Many Asian Americans favor presidential candidate Barack Obama, but a significant portion remain largely undecided on their pick for president less than one month before Election Day, according to a new national survey released Tuesday. Asian Americans have the potential to play a major role in election results, according to the study’s researchers from Rutgers, State University of New Jersey; the University of California, Berkeley; the University of California, Riverside and the University of Southern California.
The 2008 National Asian American Survey shows 41 percent of Asian Americans favor Obama and 24 percent support John McCain. But fully a third of Asian Americans remain undecided, says Dr. Karthick Ramakrishnan, a University of California, Riverside, associate professor of political science who was of the study’s researchers. In the general population only 8 percent of voters are still undecided, according to recent polling.
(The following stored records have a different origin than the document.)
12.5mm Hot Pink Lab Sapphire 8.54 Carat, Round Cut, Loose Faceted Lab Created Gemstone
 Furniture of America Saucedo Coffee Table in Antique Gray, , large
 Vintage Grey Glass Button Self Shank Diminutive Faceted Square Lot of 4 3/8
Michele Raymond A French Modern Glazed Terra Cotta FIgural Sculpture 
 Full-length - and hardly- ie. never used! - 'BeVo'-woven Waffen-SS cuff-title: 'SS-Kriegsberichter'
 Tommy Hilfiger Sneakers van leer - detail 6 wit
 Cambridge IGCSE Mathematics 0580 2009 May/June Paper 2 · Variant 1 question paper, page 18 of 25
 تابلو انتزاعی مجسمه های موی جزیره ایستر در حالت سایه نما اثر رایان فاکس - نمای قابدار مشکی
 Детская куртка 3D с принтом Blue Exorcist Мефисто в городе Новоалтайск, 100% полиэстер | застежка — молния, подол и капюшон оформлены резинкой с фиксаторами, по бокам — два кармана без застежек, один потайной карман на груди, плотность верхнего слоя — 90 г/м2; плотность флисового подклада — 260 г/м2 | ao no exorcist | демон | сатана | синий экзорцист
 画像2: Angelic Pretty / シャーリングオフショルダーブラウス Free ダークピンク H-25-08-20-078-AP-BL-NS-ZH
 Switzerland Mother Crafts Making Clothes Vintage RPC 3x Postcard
Ramakrishnan says, “with such a high proportion of undecided voters, Asian Americans are a critical source of potential votes for either candidate in the final weeks of the campaign.” Asian Americans make up 5 percent of the population nationally, but their numbers are growing at explosive rates in battleground states, says Dr. Taeku Lee, associate professor of political science at the University of California, Berkeley.
The multilingual multi-ethnic study interviewed more than 4,000 Asian Americans likely to vote in the election, and researchers say it is the most comprehensive study yet reflecting political views of Asian Americans.
Candidate preference varies by ethnic group, according to the researchers. A majority of Vietnamese Americans support McCain, while Japanese, Chinese and Indian Americans tended to support Obama.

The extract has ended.